Back-to-School Routine Can Help Sleepy Students

Back-to-School Routine Can Help Sleepy Students

The school year has started — ready or not. A good school routine doesn’t fall into place by accident. Kids who adjust best to going back to school are those who began with good routines at home and get the proper amount of sleep. And the sooner you start their routine, the better. But don’t worry, it’s not too late.

Kids will naturally be tired from waking up earlier. Starting a new school year feeling tired and drained is starting off on the wrong foot. Sleep directly affects overall performance and appetite (lack of sleep can make it harder for kids to eat breakfast) and can also contribute to their emotional state. If you sense your child has the new school-year jitters, have a talk. Remind your child that it’s normal to be a little nervous when moving to a new grade. Setting a routine can be reassuring in it’s regularity and talk with them about bed time and the importance of getting enough sleep.

Here are some ideas that can help your child adjust to student life again:

Make a Family Calendar: Gather the entire family together and review everyone’s schedules. Include school activities, work shifts, travel, extracurricular activities, family outings, appointments, etc. Use the calendar to plug in everyone’s events. You’ll quickly see if there’s too much on someone’s plate. Keep the calendar updated daily and review together regularly to make necessary adjustments.

Schedule Going to Bed: Establish a school-night bedtime. Remember, younger children will need more sleep, while older children usually need less. And every child has individual needs. You may want to gradually put them to bed earlier and earlier a few days at a time until they reach the new bedtime. This helps them ‘practice’ getting up earlier in the morning.You may want to explain that during sleep the body heals itself. And that a good night’s sleep will help provide the energy needed to stay healthy and awake to function well during the school day.

Here’s a guide to how much sleep your child needs at what age:

Newborn – 4 months: Total Sleep: 16-18 hours. Nighttime Sleep: 8-9 hours.
4 – 12 months: Total Sleep: 12-16 hours. Nighttime Sleep: 9-10 hours.
1-2 years: Total Sleep: 11-14 hours. Nighttime Sleep: 11 hours.
3 – 5 years: 10-13 hours.
6-12 years: 9-12 hours.

Bedtime Routine: In the evening, about an hour before bedtime, children can relax in a quiet activity like reading or drawing.Then, start bedtime rituals such as: pack a lunch box, put school work and books in backpacks by the door, brush teeth, take a bath or shower, put on pajamas, set out clothes and other items for the next day and read a story. Don’t forget to go over what to expect the next day. You and your child may need to review things like: how they will get home, school lunch money, school activities and any changes to the routine.

Wake in the Morning: You may need to wake your child, especially if young. A loud alarm clock may suffice for some older children. Have a nutritious breakfast. Studies show that wholesome meals help students perform better.

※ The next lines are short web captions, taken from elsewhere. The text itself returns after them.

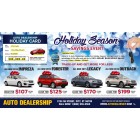 A Holiday Season Savings Event - Automotive Direct Mail - 11 x 6 Laminated Buyback Card Mailer 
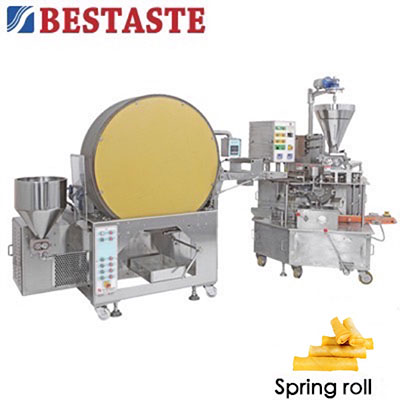 Automatic spring roll making machine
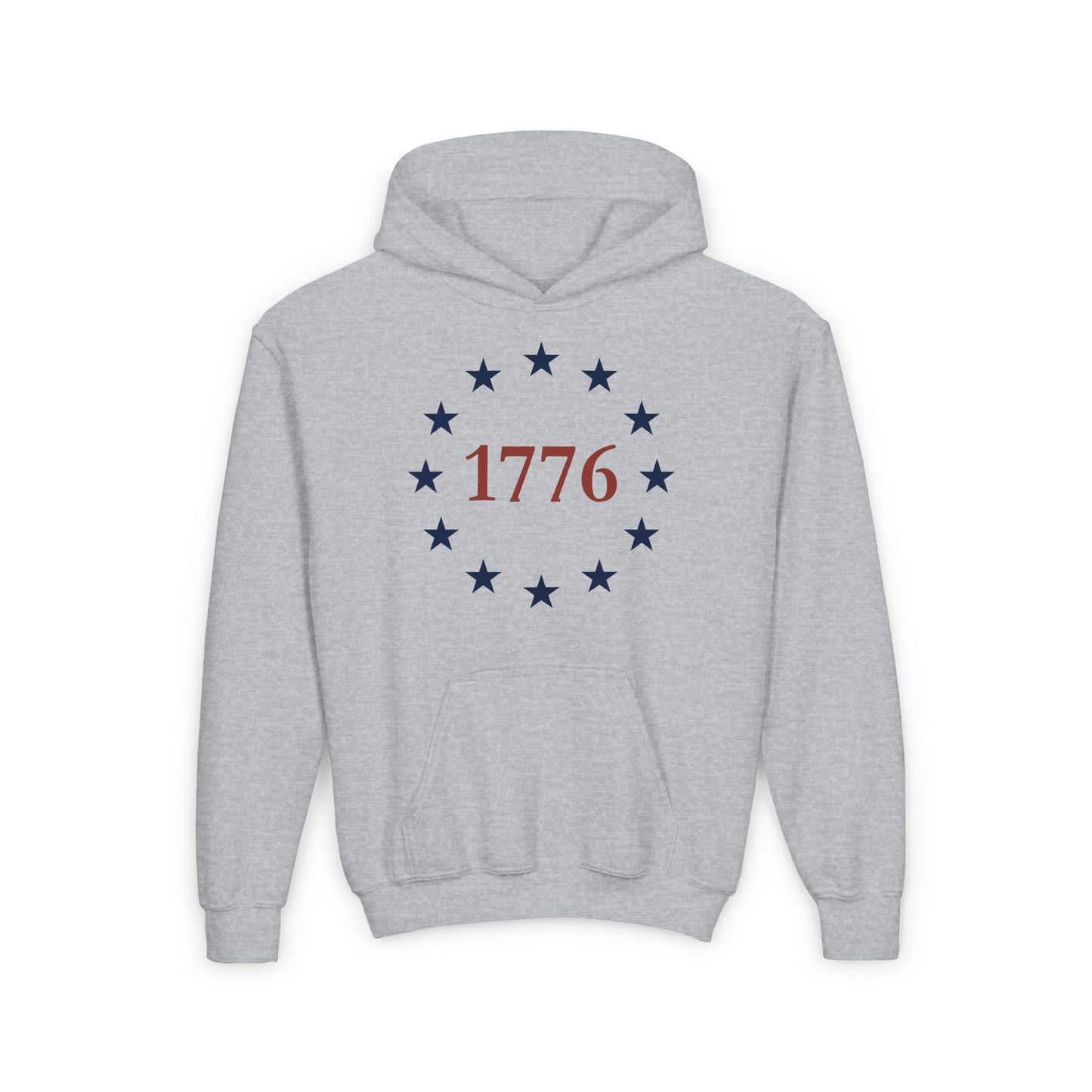 Kids One Nation Under God Youth Hooded Sweatshirt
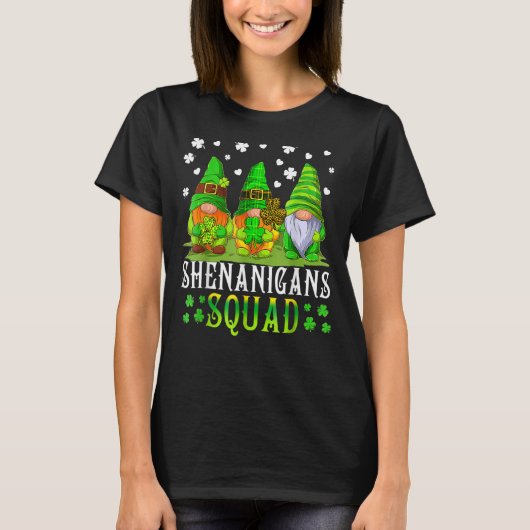 Shenanigans Squad St Patricks Day Gnomes Green Pro T-shirt (Voorkant)
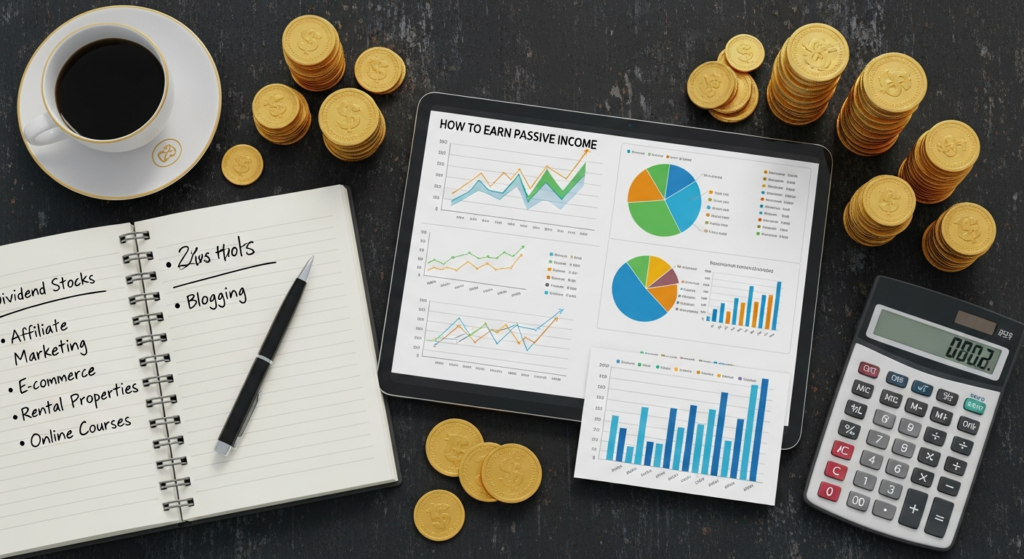 how to earn passive income online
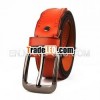 2013newly design fashion black genuine leather belt for men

After School Routine: If your child brings home school work, set a requirement that the work must be finished before TV or gaming time. Review their school work well before bedtime activities in case they need help. As a parent, anything you can do to help your child prepare for the next day will make things easier for the whole family. Everyone will be less grumpy in the morning and more productive during the day.

Although it’s normal to be a little tired and anxious in any new situation, some children develop real physical symptoms, such as headaches or stomachaches, associated with the start of school, reported KidsHealth. If you’re concerned that your child’s worries go beyond the normal back-to-school jitters, speak with your child’s doctor, teacher or school nurse.